I’ve seen Africa with my own eyes. Three times, now, I’ve journeyed to the Dark Continent, and each trip has left an indelible image burned into my brain, a scene seared into my soul. I’ve seen carved-from-stone crocodiles on the banks of the Sabie River standing guard like gray gargoyles over muddy brown waters. I’ve watched warthogs bang heads in the Pilanesberg Game Reserve. Maybe the most enduring memory I have of Africa is the tufted tail of a teenaged lion silhouetted against an insatiable sunrise in the Kruger National Park.

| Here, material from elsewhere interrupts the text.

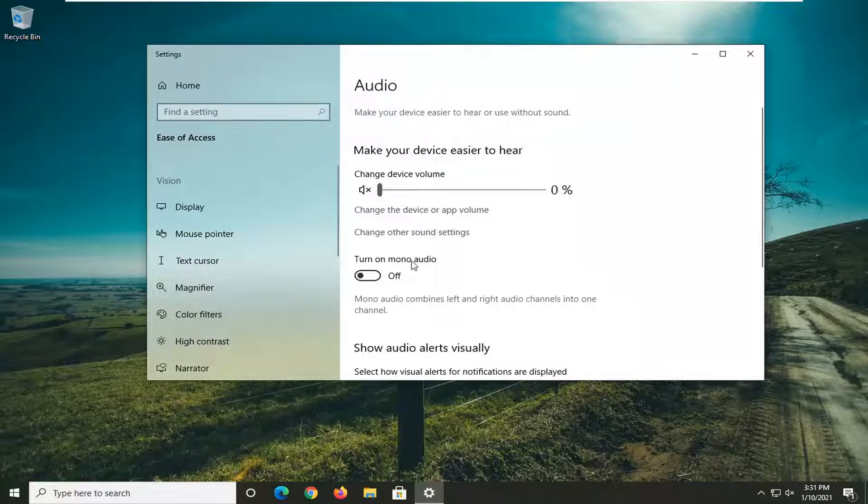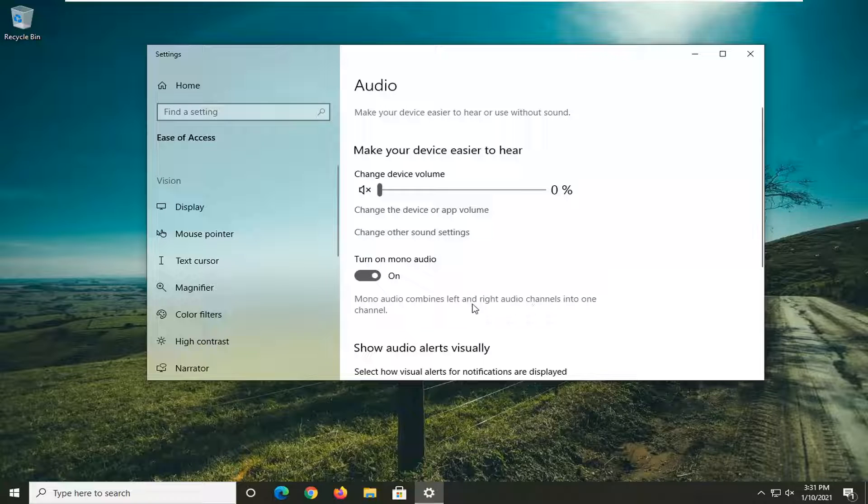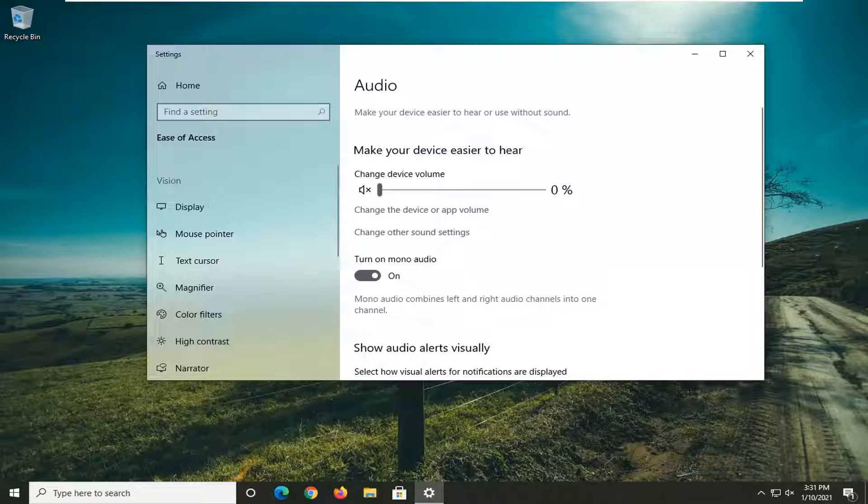Where it says turn on mono audio, go ahead and just toggle that to the on position. It combines the left and right audio channels into one channel.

I saw Africa first, though, through the eyes of another. Bob Eckles hunted all over the world and made multiple safaris to the Dark Continent, but he always returned home to the ranch he owned in Hughes County, Oklahoma, where so many of my memories were made. My dad killed his first whitetail on Eckles’ place, as did my brothers and I and countless others. A year ago, Bob returned to the ranch for the last time. He died last August.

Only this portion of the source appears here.